Je ne cache pas le plaisir un peu pervers que je prends certains soirs de déprime à lire les discours des ministres de la Communauté française. Saturé de reportages sur l’explosion du libéralisme nécessairement sauvage ou sur le plongeon des cadres de sociétés en parachutes dorés, il est rafraîchissant d’entendre une ministre parler de « l’universalité de l’humain » à travers « une autre mondialisation » tout ça juste pour ouvrir un festival à Liège et une autre excellence soutenir, paraît-il, l’engagement d’un clown pour aider les chômeurs à retrouver de l’emploi. Après le plan Marshall, le cirque de Moscou.
Nul n’a écrit des mots aussi ardents que les leaders politiques de la culture pour défendre le service public à la radio et à la télévision et protéger l’âme des enfants mais il vaut mieux regarder leurs discours que la RTBF ou les locaux des écoles. Jamais les programmes n’ont été autant pollués par la pub. Et les distributeurs de boissons affichant les marques les plus connues décorent les locaux des écoles (cachant ainsi par de jolies couleurs fissures et autres dégradations). Les parents, amis et voisins n’ont jamais été autant sollicités. Faute de manuels scolaires, les écoles achètent des photocopieuses. En faisant les comptes, on découvrirait peut-être que le coût des machines et surtout la « participation » des parents au remboursement des photocopies permettraient d’acquérir une bibliothèque de livres reliés pleine toile …
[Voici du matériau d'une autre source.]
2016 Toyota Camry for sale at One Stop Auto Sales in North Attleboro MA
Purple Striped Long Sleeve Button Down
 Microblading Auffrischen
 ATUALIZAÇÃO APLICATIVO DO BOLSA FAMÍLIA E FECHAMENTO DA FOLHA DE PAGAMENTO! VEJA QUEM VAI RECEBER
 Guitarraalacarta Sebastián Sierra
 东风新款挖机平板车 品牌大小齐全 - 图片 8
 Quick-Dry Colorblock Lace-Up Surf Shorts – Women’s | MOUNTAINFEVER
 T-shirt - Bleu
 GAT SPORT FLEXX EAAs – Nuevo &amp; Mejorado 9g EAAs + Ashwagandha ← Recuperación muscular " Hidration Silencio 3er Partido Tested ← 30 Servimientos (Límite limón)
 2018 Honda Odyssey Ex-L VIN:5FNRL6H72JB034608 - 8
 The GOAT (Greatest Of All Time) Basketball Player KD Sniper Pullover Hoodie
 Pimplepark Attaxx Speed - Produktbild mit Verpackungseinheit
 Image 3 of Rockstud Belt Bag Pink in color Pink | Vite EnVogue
N’oublions pas les voyages scolaires. Jadis, les fancy-fairs contribuaient à boucler les budgets. Maintenant, la technique branchée s’appelle le porte-à-porte. Les enfants des environs viennent sonner, une attestation à la main indiquant que leur mendicité est très morale puisque soutenue par leurs profs : ils font la manche pour payer le voyage scolaire et non pour survivre, comme les malheureux qui se jettent sous les voitures à certains carrefours de la capitale. Certains proposent des cakes maison, des bougies, des savons, joyeux modèle de l’économie parallèle des pays sous-développés. Et, sur les marchés le dimanche, des bambins de moins de six ans interpellent le chaland en vendant des fleurs pour financer leurs camps d’été. Est-ce une manière de leur apprendre la survie en communauté française ? Ou une pub pour la re-fedéralisation de la protection de la jeunesse ?
PS : Si la lecture des discours ministériels et des tracts électoraux vous laissent un peu de temps, évadez-vous ce long week-end dans la Suède noire. Après les polars d’H. Mankel qui égratignent le beau vernis de la social-démocratie (modèle de Sarkozy et de Royal), voici un autre Suédois qui nous emballe, Stieg Larsson et sa trilogie « Millenium » (chez Actes sud).